His concern? Whether or not the Obama administration would ever consider using drone strikes against American citizens on American soil as they have done on foreign soil.
Now, you and I may think this point would have already been settled by the U.S. Constitution, but Sen. Paul was worried that this president (or some future president) might use national security as a lever to unhitch the Fifth Amendment’s “due process clause” from the Constitution in order to create a loophole big enough to squeeze through a deadly drone or two.
Imagine that! A filibuster in support of the Constitution and the Bill of Rights! Pretty cheeky stuff for a freshman senator — in fact so cheeky that Sen. Paul in just 13 hours took on the dimensions of a political folk hero, something that it took his father Ron Paul 40 years to do.
Paul used the nomination of John Brennan as CIA director as the putative cause of his filibuster, because Brennan had previously supported drone strikes overseas. But Paul wasn’t aiming at Brennan so much as the entire national security infrastructure which under the last two presidents has chiseled away at various constitutional protections in order to prop up its own power base.
And because no one had seen a real “non-stop talking” filibuster in years, his heady disputation riveted the entire nation for the better part of a day and a night, until at long last the junior senator from Kentucky boyishly admitted that he had to answer the call of nature.
Maybe it was all that attention Rand Paul was getting that forced an open confrontation between him and the old dogs of the Republican Senators Club. After all, Sens. John McCain and Lindsey Graham and a delegation of GOP poobahs were dining with President Obama at the plush Jefferson Hotel at the same time Sen. Paul was auditioning for the Jimmy Stewart role in the remake of “Mr. Smith Goes to Washington.”
McCain and Graham are used to chewing up the scenery in the long-running D.C. soap opera, so they may well have resented having to give up top billing to a political neophyte. Who knows? Maybe they had principled reasons for attacking their fellow senator, but it sure looks as if they just didn’t like watching their hold on power slipping away. In an interview with the Huffington Post, McCain dissed Sen. Paul as just one more of the “wacko birds” who are giving the Republican Party a bad name. Note the emphasis on party — because to politicians like McCain, “party” is the equivalent of “power” and whatever damages the party brand puts his own hold on power at risk.
Graham was even more obtuse in his response to Sen. Paul’s filibuster. He decided to reverse himself and support Brennan, not out of principle but just to thumb his nose at Sen. Paul.
I suppose to casual observers, it may seem as if this lover’s quarrel is being waged exclusively in the Republican Party. But that is just because there are still enough libertarians left in the GOP to make it seem like a fair fight between freedom and power, whereas the vast majority of Democratic office-holders have long since adopted the role of dominatrix to the pliant and plaintive people they pretend to serve.

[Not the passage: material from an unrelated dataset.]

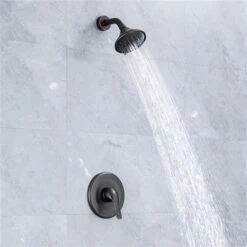 Clihome Oil-rubbed Bronze 3-spray Rain Shower Head 2.5 GPM (9.5 LPM)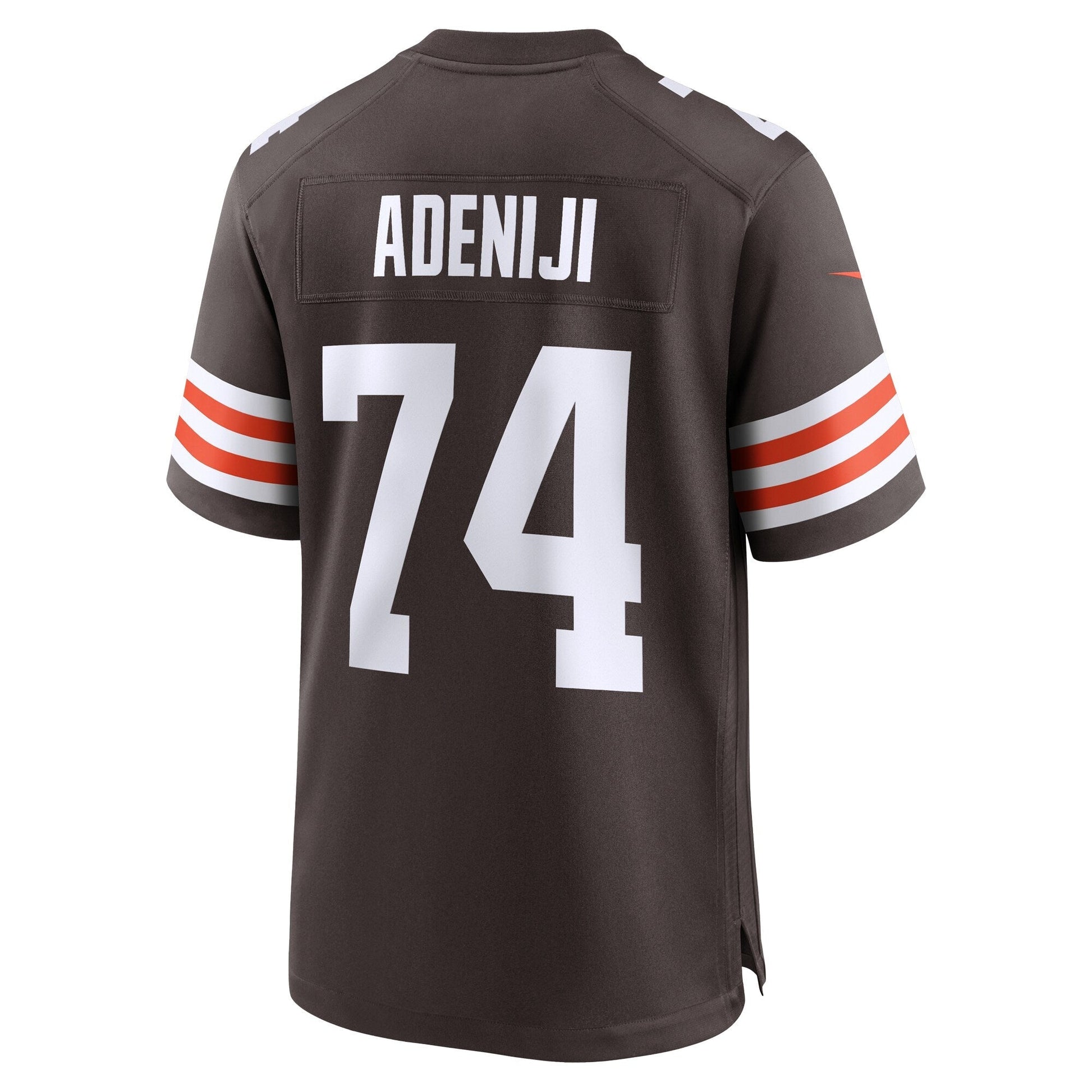 Hakeem Adeniji Cleveland Browns Game Jersey - Brown football jersey product view 3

If that seems like a partisan slap, it is not. One of the main signs of love of power is a slavish devotion to party — because it is through party, not principle, that power is usually obtained and almost always retained. True libertarians, on the other hand, usually honor principal above party, and thus are almost always doomed to being exiled from power when they refuse to toe the line set forth by their party elders.
In a very real sense, this battle has already been concluded in the Democratic Party, where party discipline has all but erased diversity of opinion, but in the Republican Party, there is still an active minority which hopes to supplant party loyalty with devotion to the Constitution.
Whether they can achieve that goal is a long shot, of course, and even the occasional battle won such as Sen. Paul seems to have accomplished does not ensure a decisive victory in the war.
After all, many who now love power once loved liberty, but eventually spurned her for the ample rewards which power distributes to its paramours. For more on that point, all additional questions should be directed to Sens. McCain and Graham.